Sebagaimana perintis revolusi Perancis tahun 1989 memperjuangkan kebebasan dari cengkraman kaum feodal, demikian pula pelaku revolusi Indonesia memperjuangkan kemerdekaan, yaitu pembebasan dari cengkraman penguasa asing.
Artinya Soekarno, Hatta, dan para pejuang melihat gerakan pembebasan/kemerdekaan bangsa Indonesia sebagai bagian dari proses yang lebih luas, yaitu proses emansipasi manusia. Bagi mereka, kemerdekaan dan kemanusiaan pada galibnya adalah dua sisi dari sifat pembebasan yang tunggal.
Jadi, bukan kebetulan apabila hal ini diangkat menjadi sila Pancasila.
Pada saat kita merayakan tiga perempat abad kemerdekaan Indonesia, hal-hal di atas ini amat penting. Bukankah kondisi Indonesia kini relatif lebih baik daripada hampir semua bangsa multietnis lainnya?
Mengapa? Karena Indonesia kini tetap setia pada warisan kultural-politik para pendirinya di atas. Di dalam negeri, para pendiri bangsa ini lebih mengedepankan kebersamaan (suku/agama) daripada perbedaan. Di luar negeri, merka menerapkan ragam nasionalisme yang diilhami kemanusiaan. Ini dilengkapi perangkat ideologis/institusional yang memperkokoh kedua hal di atas.
Bisa jadi gelombang identitas agama akan tetap menerpa negeri ini selama sepuluh atau dua puluh tahun lagi.

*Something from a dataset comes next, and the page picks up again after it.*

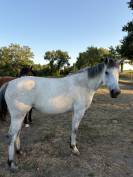 Plusieurs Poneys disponibles (du foal a 5 ans )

Bisa juga pula bahwa neonasionalisme keras yang gejalanya kini terlihat dari Barat sampai ke Timur akan mengganggu ketenangan lautannya.
Namun, selama Indonesia berpegang teguh pada prinsip-prinsip di atas, dan selama perhatian lebih besar diberikan pada persoalan lingkungan dan keadilan sosial, kami yakin bahwa negeri kepulauan ini akan semakin aman sentosa.